If you’re familiar with linear regression, you might say, “OK, let’s fit a straight line with this data.” So you might get a line that looks like this.

But in a weird way, as you might have noticed, we know that prices are never negative. So instead of a line that might make the price negative, we bend the line a little bit so that it ends up at zero. This thick blue line is ultimately your function for predicting prices based on square footage. Part of it is zero, and part of the line fits perfectly. You might think that this function only fits house prices.

As a neural network, this is probably the simplest neural network. We take the area of the house as the input to the neural network (we call it), pass through a node (a little circle), and finally output the price (we denote it by). This little circle is actually a single neuron. Then your network implements the function on the left.

You’ll often see this function in the literature on neural networks. It starts approaching zero, and then it becomes a straight line.
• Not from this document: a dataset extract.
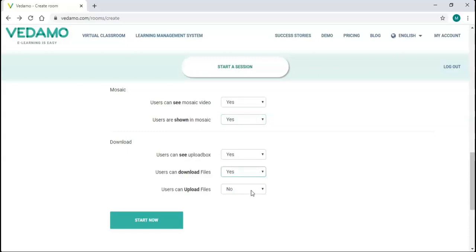If you decide to leave these settings as they are by default, you still have an opportunity to change them from participants' control button when you are in the virtual room. When you are done with the advanced settings, press the green Start Now button to enter the virtual room.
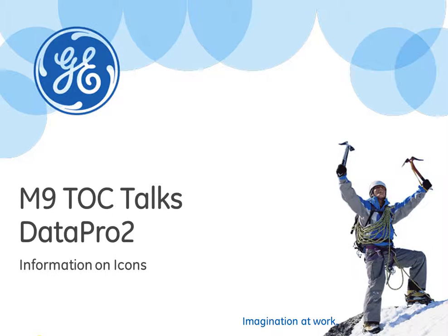Hi everyone, welcome to the M9 TOC Talks on DataPro2.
This function is called ReLU activation function, which stands for Rectified Linear Unit. Rectify means, this is why you get a function of this shape.

You don’t have to worry about not understanding the ReLU function now, you’ll see it again later in the course.

If this is a single neuron network, no matter how large or small it is, it is formed by stacking these individual neurons together. If you think of these neurons as individual Lego blocks, you build a larger neural network by building blocks.

Let’s look at an example, we not only use the area of the house to predict the price of it, now you have some information about the other characteristics of the building, such as the number of the bedroom, there may be a very important factor, the family also can affect house prices, the number of the house can stay a family or a four or five personal family? And it really depends on the size of the house and the number of bedrooms that really determine whether a house can fit the size of your family.

Changing the subject, you probably know that zip codes might be a feature that tells you how pedestrianized you are. Whether the neighborhood is highly walkable, whether you can walk to the grocery store or school, and whether you need to drive. Some people prefer to live in walkable areas, which are also correlated with affluence (in the US), depending on zip code. But other countries may also show how good nearby schools are.

Each of these little circles on the graph can be a part of ReLU, which means a modified linear unit, or some other slightly nonlinear function. Based on the size of the house and the number of bedrooms, you can estimate the size of the family. Based on the zip code, you can estimate walkability or the quality of the school. In the end, you might think, these determine how much money people are willing to spend.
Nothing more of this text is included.